Dass es eine Frau war, die dem IOC in den Rücken fiel, hat auch ein bisschen symbolische Bedeutung. Denn wer im patriarchischen China als Frau Karriere machen möchte, ist gut beraten, im Sinne der Männer zu reden und zu handeln. Wer hingegen mehr Rechte für Frauen einfordert, gerät schnell in Schwierigkeiten, wie uns heute Fabian Peltsch berichtet.
Marcel Grzanna

Analyse
Frauen wehren sich gegen „toxisches Umfeld“
Fabian Peltsch
Im Januar 2021 wurde die chinesische Stand-Up-Komikerin Yang Li schlagartig für ihren Ausspruch berühmt, Männer seien „普確信“ Pǔ quèxìn: „mittelmäßig, aber selbstbewusst“. Auf Chinas Social-Media-Plattformen wurde der Satz innerhalb weniger Stunden zur feministischen Parole. Gleichzeitig brach ein Shitstorm über Li herein, der sie auch einige Werbeverträge kostete. Der Tenor: Li würde mit ihrer Comedy „Männerhass“ schüren. Auch sonst kochen beim Thema Gleichberechtigung in China die Gemüter schnell hoch. Zuletzt sorgte der Fall einer von ihrem Ehemann angeketteten, psychisch kranken Frau in der Stadt Xuzhou für landesweite Empörung. Frauen würden oft nicht einmal als menschliche Wesen behandelt, las man in Kommentarspalten von chinesischen Social-Media-Kanälen wie Weibo.
Noch nie wurden Geschlechterdebatten und Gleichstellungsfragen in China so öffentlich verhandelt wie in den vergangenen drei Jahren. Wie in westlichen Ländern werden Gewissheiten in Zweifel gezogen. Feministisch angehauchte Fernsehshows wie „Hear Her“ 听见她说“ kritisieren ungesunde Schönheitsideale und verzerrte Selbstwahrnehmungen junger Frauen. Die Popsängerin Tan Weiwei adressierte in ihrem Lied „Xiǎo juān 小娟“ reale Fälle häuslicher Gewalt, während sich die Rapperin Yamy auf ihrem Weibo-Kanal offen über sexuelle Belästigung im chinesischen Showbusiness echauffierte.

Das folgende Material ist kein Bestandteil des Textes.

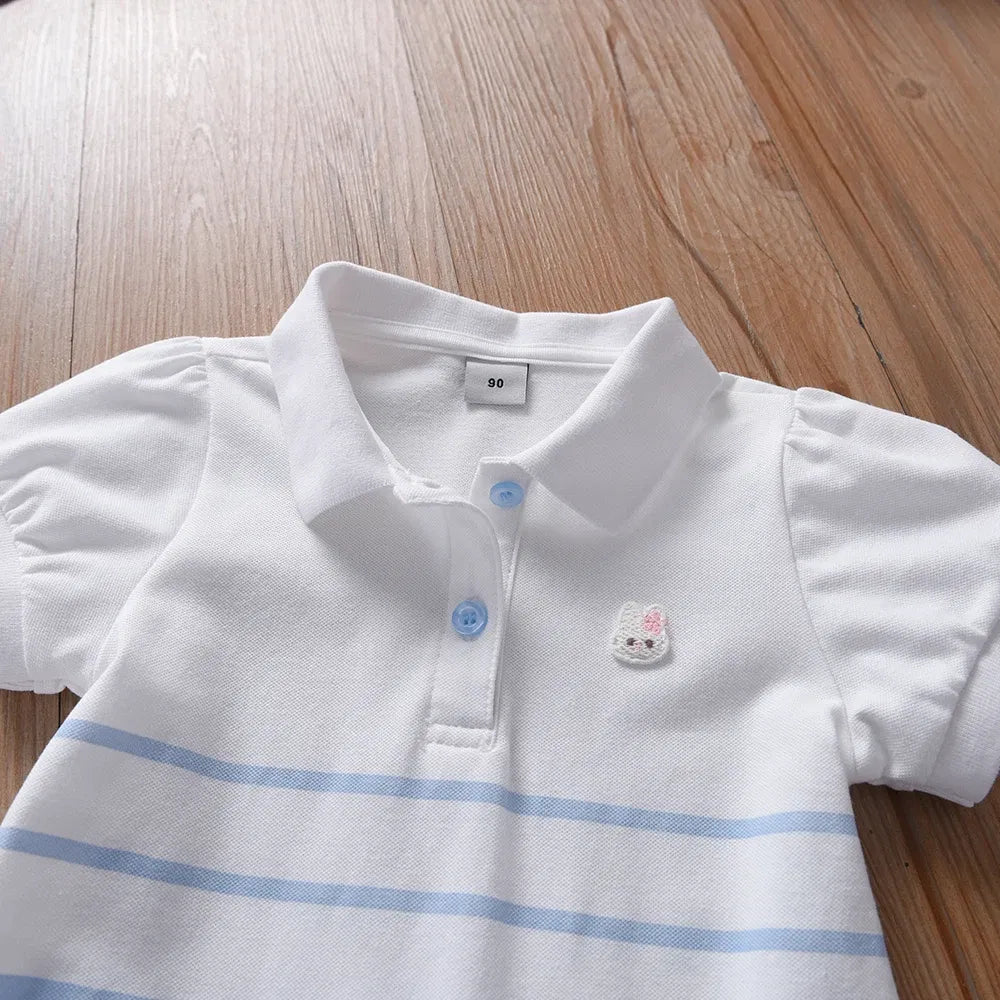 Color: Pink, Kid Size: 5 - Girls' Fashion Polo Dress with Stripes Kids Elegant Puffed Sleeves Clothes Baby Girls Summer Dresses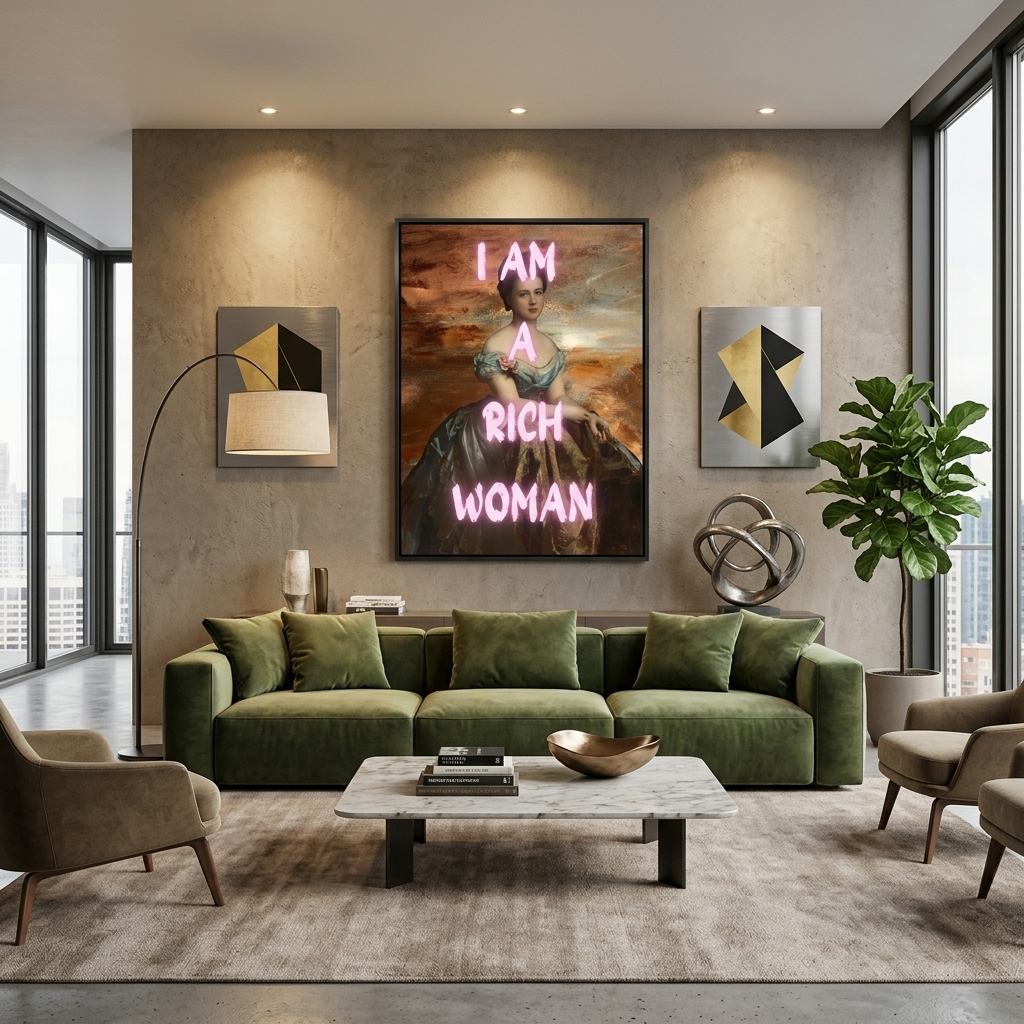 Kunstdruck auf Leinwand, Motiv: „Ich bin eine reiche Frau“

Feminismus ist heute zu einem gewissen Grad Teil der chinesischen Popkultur. Die Künstlerinnen bewegen sich jedoch auf einem schmalen Grat. Die chinesische Regierung bewertet eine feministische Massenbewegung als Gefahr für die soziale Stabilität. Insbesondere die unter dem Hashtag „MeToo“ um die Welt gegangene Solidaritätswelle mit Opfern von Missbrauch und Übergriffen bezeichnet Peking als „Werkzeug ausländischer Kräfte“, mit dem das chinesische System unterwandert werden soll.